▶ **TRY IT**
Please set down word for word every line from the one holding "越南进口 中原G7三合一速溶咖啡1600g (16gx100条）" to the end of the data below, both included.

[EXTRACTED ENTRIES Boundary: Start]

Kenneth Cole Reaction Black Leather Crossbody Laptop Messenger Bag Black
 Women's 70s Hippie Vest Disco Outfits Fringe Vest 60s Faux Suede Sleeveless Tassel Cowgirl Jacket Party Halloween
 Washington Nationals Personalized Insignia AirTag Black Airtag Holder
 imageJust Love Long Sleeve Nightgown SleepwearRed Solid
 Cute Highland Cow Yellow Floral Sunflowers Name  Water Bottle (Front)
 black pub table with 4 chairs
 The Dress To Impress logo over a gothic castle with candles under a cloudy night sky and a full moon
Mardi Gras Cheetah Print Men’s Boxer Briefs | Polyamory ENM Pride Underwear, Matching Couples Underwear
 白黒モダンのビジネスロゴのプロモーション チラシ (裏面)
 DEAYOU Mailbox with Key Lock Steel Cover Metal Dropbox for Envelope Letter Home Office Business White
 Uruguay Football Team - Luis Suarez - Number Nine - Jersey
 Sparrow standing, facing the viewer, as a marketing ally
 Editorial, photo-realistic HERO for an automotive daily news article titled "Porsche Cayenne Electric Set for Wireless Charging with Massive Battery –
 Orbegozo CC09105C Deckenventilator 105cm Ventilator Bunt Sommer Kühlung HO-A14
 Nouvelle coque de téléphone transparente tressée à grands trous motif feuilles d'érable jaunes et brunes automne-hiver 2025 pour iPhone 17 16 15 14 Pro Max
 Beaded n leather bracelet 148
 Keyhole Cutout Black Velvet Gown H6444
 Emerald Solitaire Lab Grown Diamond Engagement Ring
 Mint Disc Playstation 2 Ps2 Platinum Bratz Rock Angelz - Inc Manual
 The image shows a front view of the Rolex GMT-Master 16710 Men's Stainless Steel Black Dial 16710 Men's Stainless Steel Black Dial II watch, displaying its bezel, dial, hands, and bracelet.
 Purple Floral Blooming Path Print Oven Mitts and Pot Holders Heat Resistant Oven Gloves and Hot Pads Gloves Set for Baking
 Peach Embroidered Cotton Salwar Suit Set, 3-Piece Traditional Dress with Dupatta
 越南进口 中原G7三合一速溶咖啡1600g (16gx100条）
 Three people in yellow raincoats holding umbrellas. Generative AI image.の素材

[EXTRACTED ENTRIES Boundary: End]

▶ **REPLY**
 越南进口 中原G7三合一速溶咖啡1600g (16gx100条）
 Three people in yellow raincoats holding umbrellas. Generative AI image.の素材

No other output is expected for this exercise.